En paralelo, materiales como el grafeno abren un posible salto de generación. Este material, extremadamente resistente, ligero, flexible y extraordinario conductor, se explora para crear nuevos tipos de paneles solares, recubrimientos, sensores e incluso baterías de hidrógeno de altísimo rendimiento.
Su capacidad de auto-reparación, su resistencia a la radiación y su comportamiento electrónico casi balístico lo convierten, al menos sobre el papel, en un candidato ideal para revolucionar la manera en que las infraestructuras producen, almacenan y gestionan la energía, aunque todavía queda camino para su despliegue masivo.
Edificios públicos, flota de vehículos y contratos más verdes
La eficiencia energética en carreteras no se limita al asfalto o a las farolas: también abarca edificios de conservación, centros de control, parques de maquinaria y flotas de vehículos asociados a la explotación de la red.
En el ámbito de edificios, la mejora del aislamiento, el uso de técnicas pasivas de diseño, la incorporación de energías renovables (solar, geotermia, biomasa) y la renovación de equipos de climatización e iluminación pueden reducir de forma muy significativamente la demanda energética, siguiendo estándares como Passivhaus u otras certificaciones de alta eficiencia.
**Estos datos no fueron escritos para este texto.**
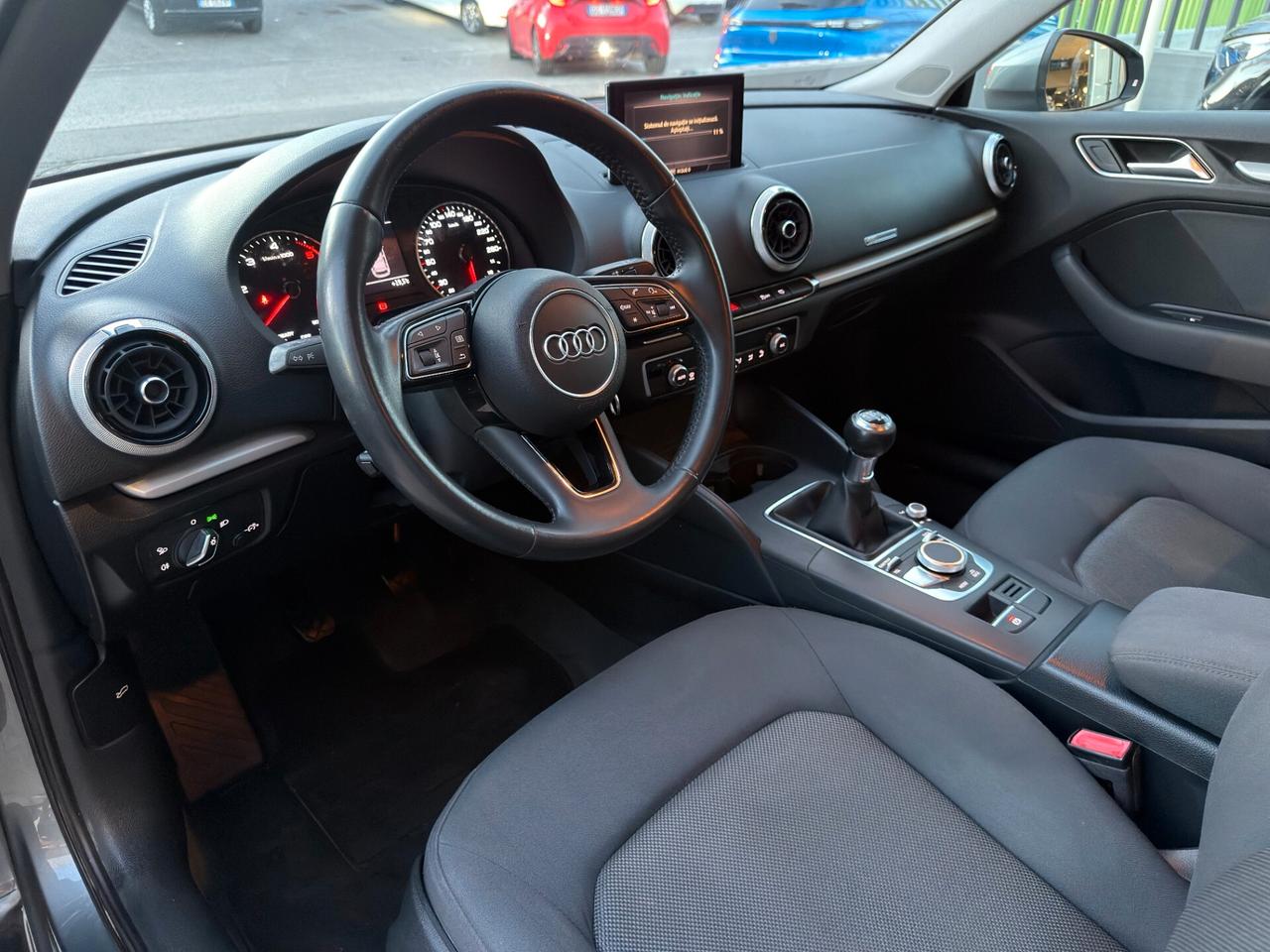 Audi A3 SPB 30 TDI Business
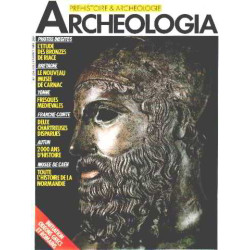 Revue archeologia n° 204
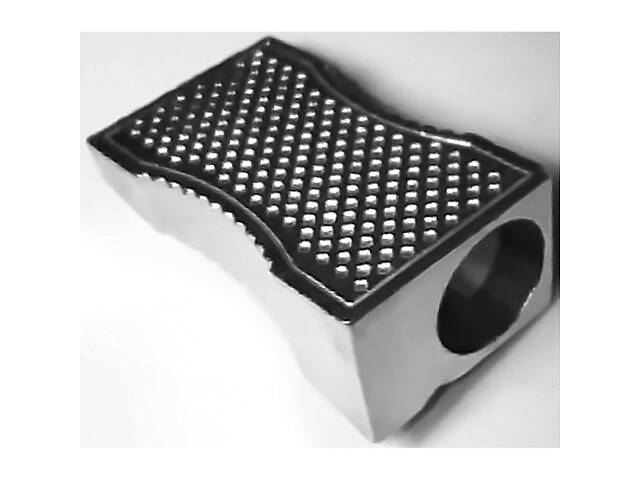 Точилка металлическая для карандашей Buromax BM.4730-24. - Фото 7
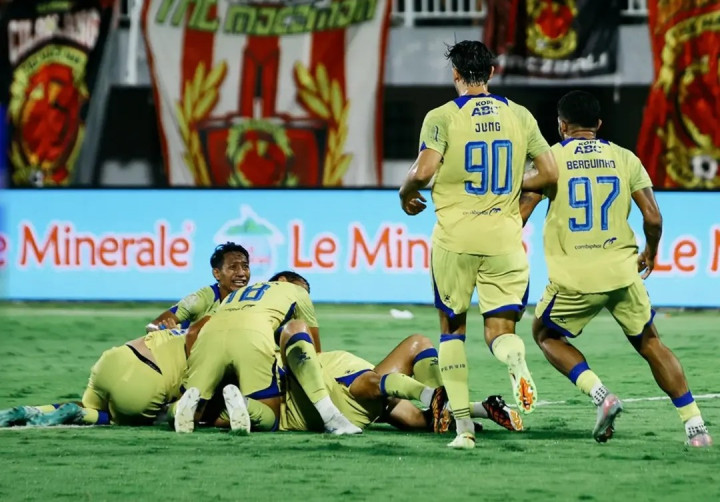 Klasemen Super League 2025/2026: Persib Bandung Selangkah Lagi Kunci Gelar Juara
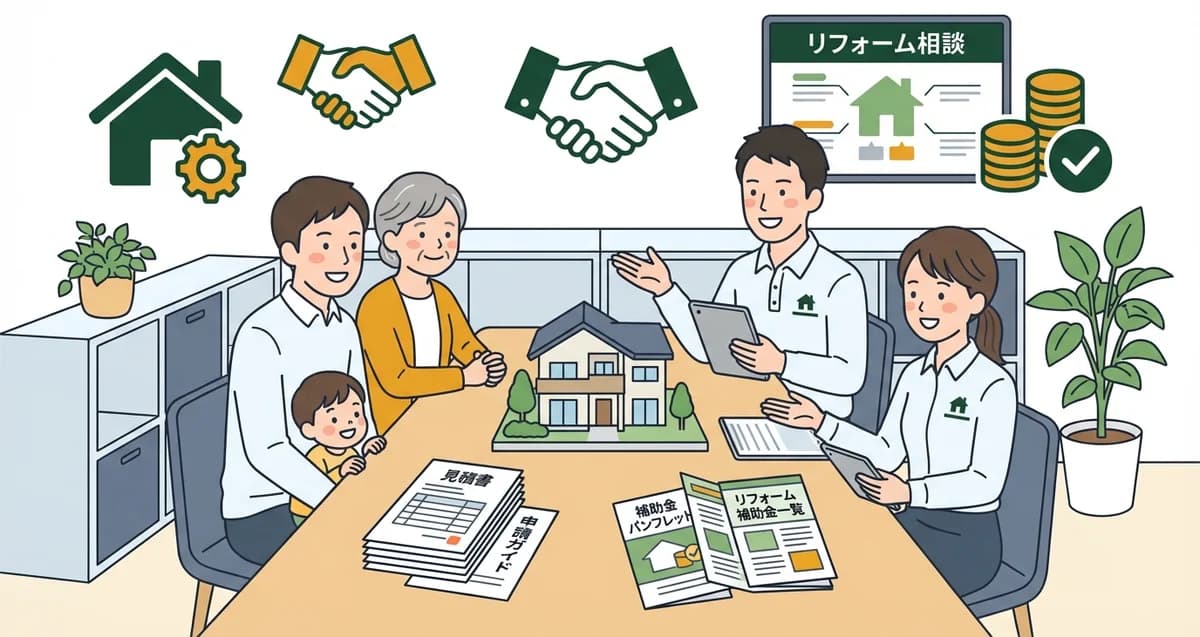 【東京都中央区】リフォーム補助金まとめ|2026年版完全ガイド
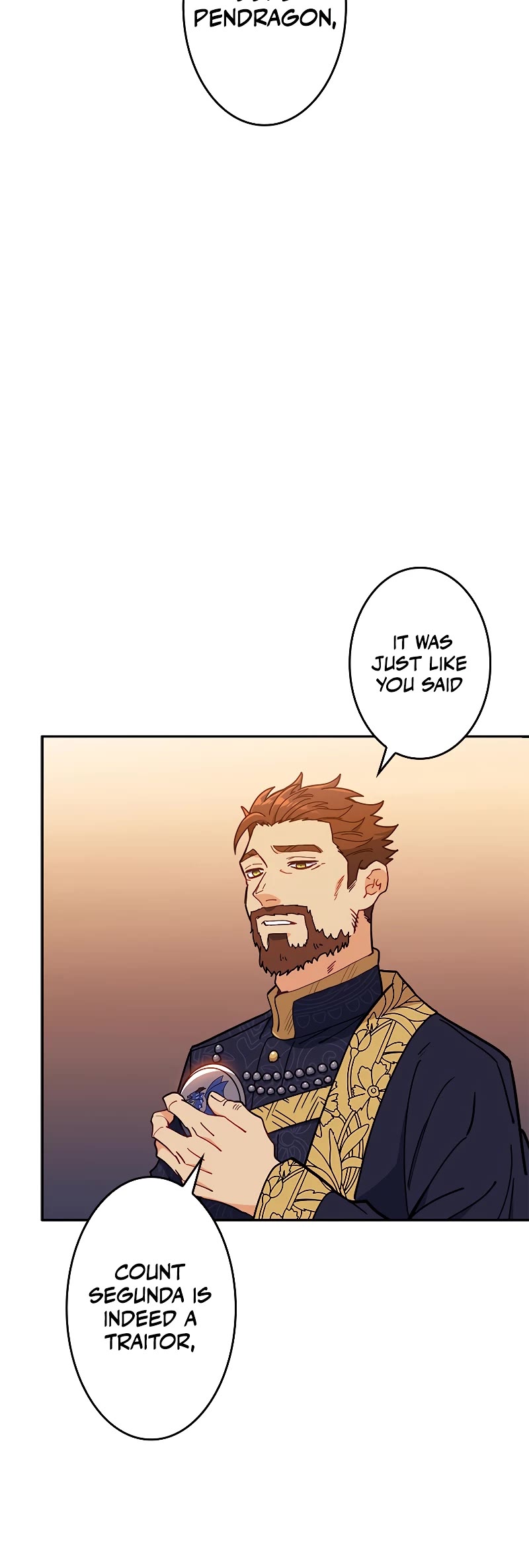 Duke Pendragon Chapter 101 page 44 - Chapter 101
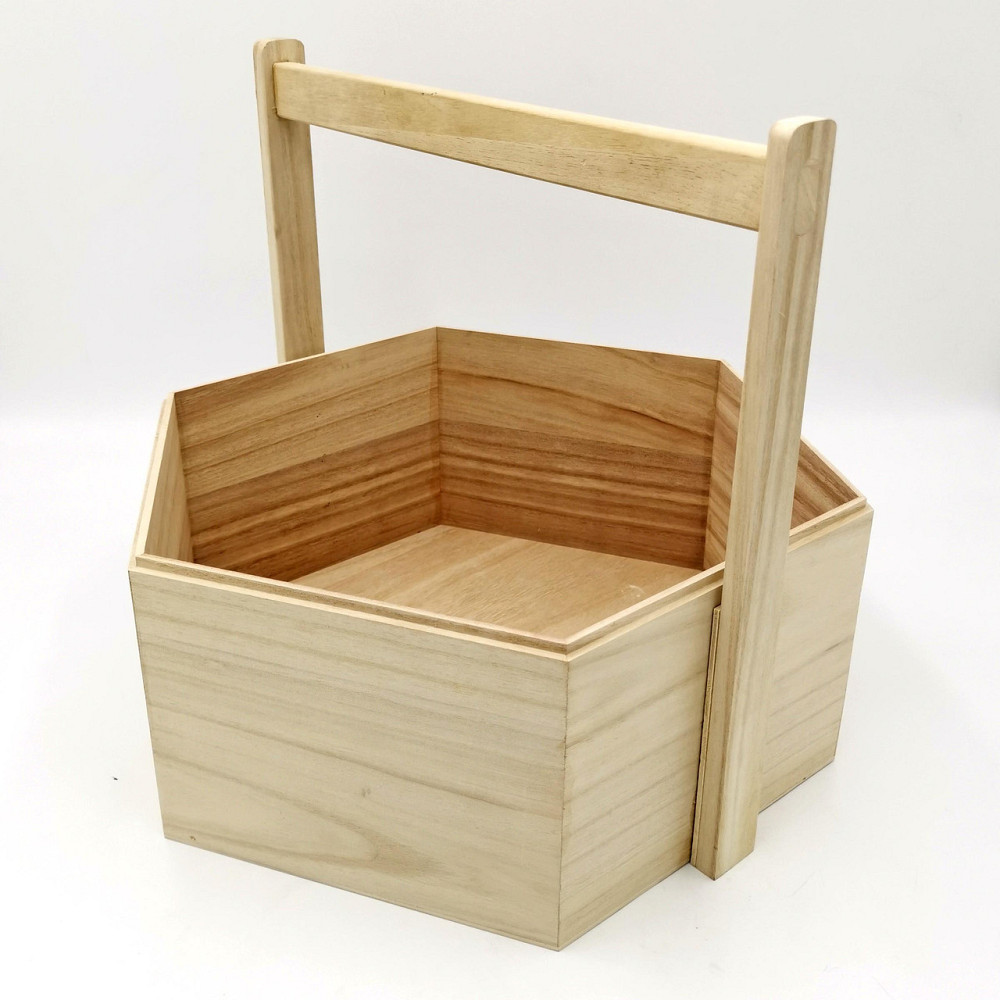 Корзина для пикника 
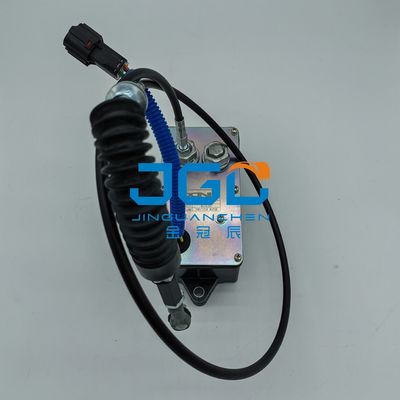 AC1000 অ্যাক্সিলারেট থ্রোটল মোটর B220502000001 স্ট্যান্ডার্ড সাইজের জন্য SANY এক্সক্যাভারের খুচরা যন্ত্রাংশ SY75 SY135 SY205 SY215 SY235-8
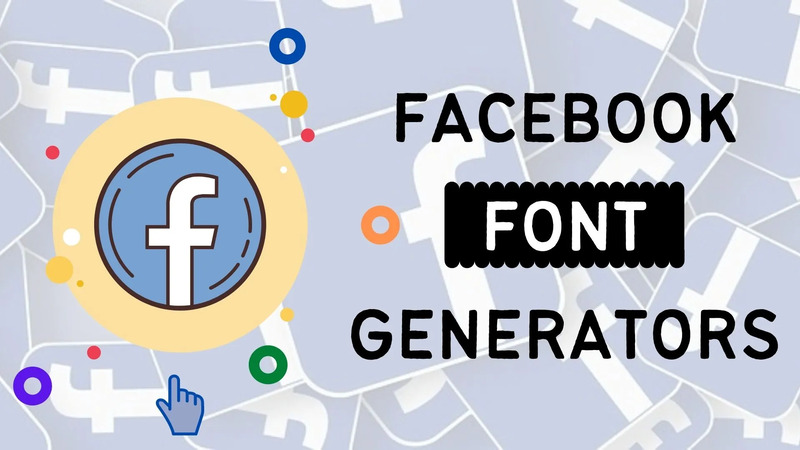 font chu facebook la gi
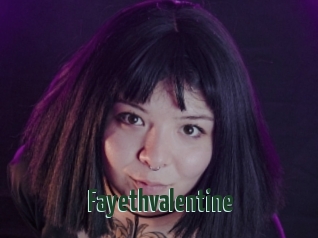 Fayethvalentine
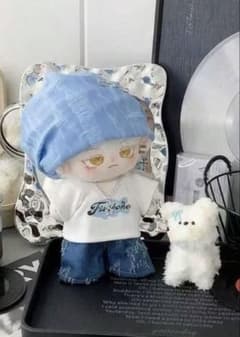 ぬいぐるみ用 コスチューム セット ストリート系（未使用品）のサムネイル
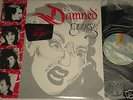 THE DAMNED - ELOISE RARE PORTUGUESE 12'' UNPLAYED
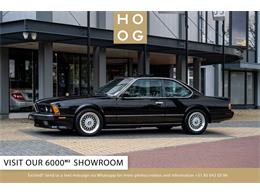 1988 BMW M6 (CC-2108462) for sale in Katwijk, Netherlands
El Ministerio se ha marcado como meta que, para 2030, en torno al 55 % de la flota propia de la Dirección General de Carreteras sea eléctrica o híbrida, lo que requiere una inversión planificada de varios millones de euros y la instalación de puntos de recarga en bases y centros de trabajo.
Además, los contratos de conservación y explotación de carreteras están incorporando cláusulas de sostenibilidad que premian las propuestas con menor consumo energético y menor huella de carbono, empujando a las empresas concesionarias y de mantenimiento a innovar en sus procesos y equipos.
Esta combinación de medidas crea un círculo virtuoso: infraestructuras más eficientes, vehículos más limpios y operadores más comprometidos con la reducción de emisiones y el uso responsable de los recursos.
Retos, oportunidades y papel de la ciberseguridad
La transformación de las carreteras en sistemas inteligentes plantea también retos importantes. Uno de ellos es el coste inicial de las tecnologías avanzadas, que puede suponer una barrera de entrada para algunas administraciones y empresas, aunque los ahorros operativos a medio plazo tienden a compensar estas inversiones.
Otro aspecto clave es el despliegue de la infraestructura necesaria, especialmente en lo relativo a redes de recarga para vehículos eléctricos, cobertura 5G continua y sistemas de telegestión robustos. Esto abre grandes oportunidades de negocio e innovación, pero exige una planificación coordinada.
La ciberseguridad se vuelve crítica en un entorno donde miles de dispositivos, sensores y sistemas de control comparten datos en tiempo real. Es imprescindible proteger la información, garantizar la integridad de las órdenes de control y salvaguardar la privacidad de los usuarios, de modo que la digitalización no abra la puerta a nuevos riesgos.
Por último, la adopción de soluciones de movilidad eficiente y carreteras inteligentes requiere formación y concienciación tanto de profesionales como de conductores, así como marcos de colaboración público-privada que aceleren la adopción de tecnologías y repartan de forma equilibrada costes y beneficios.
Con todo este abanico de medidas —desde la modernización del alumbrado y la sensorización de túneles hasta las smart roads, el Big Data, las energías renovables y los nuevos materiales— las carreteras se están convirtiendo en un eje central de la transición energética y de la movilidad sostenible, capaz de reducir consumos, emisiones y accidentes al tiempo que impulsa la innovación industrial y tecnológica en el sector.